> What is expected: Note each line in the data holding the string "Luas" and report it.

Records excerpted from a collection:

::::::::

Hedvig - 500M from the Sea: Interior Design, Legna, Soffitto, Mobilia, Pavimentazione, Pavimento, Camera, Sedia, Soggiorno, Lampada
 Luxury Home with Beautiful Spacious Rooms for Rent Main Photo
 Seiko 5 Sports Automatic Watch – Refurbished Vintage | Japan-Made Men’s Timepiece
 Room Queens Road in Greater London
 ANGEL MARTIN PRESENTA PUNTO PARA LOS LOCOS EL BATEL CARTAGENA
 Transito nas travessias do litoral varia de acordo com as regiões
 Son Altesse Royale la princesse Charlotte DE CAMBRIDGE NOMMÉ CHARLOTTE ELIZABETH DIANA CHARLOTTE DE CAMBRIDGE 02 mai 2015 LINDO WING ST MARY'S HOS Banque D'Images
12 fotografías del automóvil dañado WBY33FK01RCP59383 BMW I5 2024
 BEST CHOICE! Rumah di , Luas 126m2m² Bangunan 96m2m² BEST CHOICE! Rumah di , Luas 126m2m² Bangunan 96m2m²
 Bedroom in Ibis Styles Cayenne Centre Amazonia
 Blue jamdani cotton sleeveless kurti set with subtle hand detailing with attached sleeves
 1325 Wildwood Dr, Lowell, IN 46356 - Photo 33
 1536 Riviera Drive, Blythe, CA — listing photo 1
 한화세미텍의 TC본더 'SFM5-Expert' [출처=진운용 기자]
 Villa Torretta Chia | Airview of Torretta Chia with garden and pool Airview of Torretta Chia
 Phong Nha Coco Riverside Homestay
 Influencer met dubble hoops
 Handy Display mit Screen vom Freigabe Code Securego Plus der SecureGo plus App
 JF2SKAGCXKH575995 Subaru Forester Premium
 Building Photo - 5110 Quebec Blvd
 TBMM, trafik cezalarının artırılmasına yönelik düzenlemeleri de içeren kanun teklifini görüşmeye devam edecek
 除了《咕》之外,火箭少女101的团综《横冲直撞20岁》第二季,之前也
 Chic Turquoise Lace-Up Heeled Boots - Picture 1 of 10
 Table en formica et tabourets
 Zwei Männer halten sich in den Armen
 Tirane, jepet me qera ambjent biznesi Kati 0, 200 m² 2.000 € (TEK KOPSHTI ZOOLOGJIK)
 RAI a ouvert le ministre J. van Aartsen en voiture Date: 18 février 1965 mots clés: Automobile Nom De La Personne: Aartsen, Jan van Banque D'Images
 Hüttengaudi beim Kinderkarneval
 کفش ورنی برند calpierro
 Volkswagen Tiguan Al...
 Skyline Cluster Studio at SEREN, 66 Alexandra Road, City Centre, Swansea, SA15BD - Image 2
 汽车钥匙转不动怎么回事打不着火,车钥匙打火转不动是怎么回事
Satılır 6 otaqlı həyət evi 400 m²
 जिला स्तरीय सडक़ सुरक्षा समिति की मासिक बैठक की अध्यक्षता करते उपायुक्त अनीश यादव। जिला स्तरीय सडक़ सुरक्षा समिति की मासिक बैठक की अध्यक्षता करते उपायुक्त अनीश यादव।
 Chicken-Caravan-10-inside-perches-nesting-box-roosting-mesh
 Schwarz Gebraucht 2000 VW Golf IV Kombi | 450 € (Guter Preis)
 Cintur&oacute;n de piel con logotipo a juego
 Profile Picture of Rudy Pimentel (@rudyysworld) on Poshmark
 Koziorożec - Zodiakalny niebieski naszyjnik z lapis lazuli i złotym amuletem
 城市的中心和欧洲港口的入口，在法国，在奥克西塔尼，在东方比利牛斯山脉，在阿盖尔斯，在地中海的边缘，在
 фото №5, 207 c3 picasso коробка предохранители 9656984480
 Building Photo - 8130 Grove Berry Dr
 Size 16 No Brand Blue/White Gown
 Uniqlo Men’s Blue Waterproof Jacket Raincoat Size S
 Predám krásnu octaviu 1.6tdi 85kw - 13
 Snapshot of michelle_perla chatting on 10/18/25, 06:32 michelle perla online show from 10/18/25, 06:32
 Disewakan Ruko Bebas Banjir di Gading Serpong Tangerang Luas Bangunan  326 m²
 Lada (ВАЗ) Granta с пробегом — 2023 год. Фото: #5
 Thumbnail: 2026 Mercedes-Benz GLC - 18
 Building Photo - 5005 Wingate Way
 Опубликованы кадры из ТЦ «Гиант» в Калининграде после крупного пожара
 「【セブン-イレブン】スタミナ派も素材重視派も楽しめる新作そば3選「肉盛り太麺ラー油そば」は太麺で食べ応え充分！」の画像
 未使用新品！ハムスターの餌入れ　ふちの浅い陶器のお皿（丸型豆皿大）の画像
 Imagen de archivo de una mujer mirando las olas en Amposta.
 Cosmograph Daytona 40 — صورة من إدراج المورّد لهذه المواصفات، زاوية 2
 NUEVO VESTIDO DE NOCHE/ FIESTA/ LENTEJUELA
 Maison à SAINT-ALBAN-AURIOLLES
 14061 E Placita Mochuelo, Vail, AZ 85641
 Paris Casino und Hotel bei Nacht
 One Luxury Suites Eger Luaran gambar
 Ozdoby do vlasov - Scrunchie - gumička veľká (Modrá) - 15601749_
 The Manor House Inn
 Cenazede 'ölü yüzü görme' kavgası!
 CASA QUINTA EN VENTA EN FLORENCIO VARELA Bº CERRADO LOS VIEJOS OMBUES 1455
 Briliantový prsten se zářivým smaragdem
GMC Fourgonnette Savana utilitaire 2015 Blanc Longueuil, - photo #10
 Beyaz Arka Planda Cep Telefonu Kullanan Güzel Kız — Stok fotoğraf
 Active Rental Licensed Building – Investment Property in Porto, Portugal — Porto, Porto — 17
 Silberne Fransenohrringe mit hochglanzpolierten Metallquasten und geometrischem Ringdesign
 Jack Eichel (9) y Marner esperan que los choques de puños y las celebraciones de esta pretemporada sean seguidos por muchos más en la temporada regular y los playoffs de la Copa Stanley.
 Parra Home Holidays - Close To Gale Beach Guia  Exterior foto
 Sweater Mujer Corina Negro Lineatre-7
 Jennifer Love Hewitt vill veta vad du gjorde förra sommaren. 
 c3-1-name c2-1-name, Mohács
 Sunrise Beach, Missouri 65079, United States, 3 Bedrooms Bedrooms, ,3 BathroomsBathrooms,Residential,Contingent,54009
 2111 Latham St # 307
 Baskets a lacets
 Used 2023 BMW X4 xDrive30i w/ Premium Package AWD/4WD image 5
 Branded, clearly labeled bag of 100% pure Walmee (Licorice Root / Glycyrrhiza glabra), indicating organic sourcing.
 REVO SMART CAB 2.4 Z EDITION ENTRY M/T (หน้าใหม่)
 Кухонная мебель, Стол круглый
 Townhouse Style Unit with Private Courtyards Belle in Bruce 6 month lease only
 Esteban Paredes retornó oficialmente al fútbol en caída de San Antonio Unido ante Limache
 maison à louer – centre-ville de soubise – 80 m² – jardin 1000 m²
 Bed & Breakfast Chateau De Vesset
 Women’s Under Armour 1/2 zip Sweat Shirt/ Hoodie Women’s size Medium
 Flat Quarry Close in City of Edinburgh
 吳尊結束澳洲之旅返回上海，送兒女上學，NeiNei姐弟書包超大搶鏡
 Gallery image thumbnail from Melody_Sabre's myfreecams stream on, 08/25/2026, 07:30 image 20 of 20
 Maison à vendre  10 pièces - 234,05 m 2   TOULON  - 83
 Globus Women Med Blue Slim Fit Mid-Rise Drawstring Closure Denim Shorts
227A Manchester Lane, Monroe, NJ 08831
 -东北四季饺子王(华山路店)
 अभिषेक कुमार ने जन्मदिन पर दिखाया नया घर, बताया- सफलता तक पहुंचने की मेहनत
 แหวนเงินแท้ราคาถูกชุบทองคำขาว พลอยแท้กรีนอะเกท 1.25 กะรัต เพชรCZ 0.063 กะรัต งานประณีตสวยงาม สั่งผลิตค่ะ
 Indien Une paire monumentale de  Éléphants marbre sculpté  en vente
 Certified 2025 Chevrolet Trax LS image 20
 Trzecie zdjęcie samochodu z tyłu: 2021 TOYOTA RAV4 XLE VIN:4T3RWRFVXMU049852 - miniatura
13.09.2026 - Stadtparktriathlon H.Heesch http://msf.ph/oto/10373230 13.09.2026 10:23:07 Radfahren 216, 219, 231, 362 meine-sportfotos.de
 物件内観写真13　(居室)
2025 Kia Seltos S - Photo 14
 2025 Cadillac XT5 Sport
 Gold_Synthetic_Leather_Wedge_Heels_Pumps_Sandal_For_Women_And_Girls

::::::::

> Response for this exercise:
 BEST CHOICE! Rumah di , Luas 126m2m² Bangunan 96m2m² BEST CHOICE! Rumah di , Luas 126m2m² Bangunan 96m2m²
 Disewakan Ruko Bebas Banjir di Gading Serpong Tangerang Luas Bangunan  326 m²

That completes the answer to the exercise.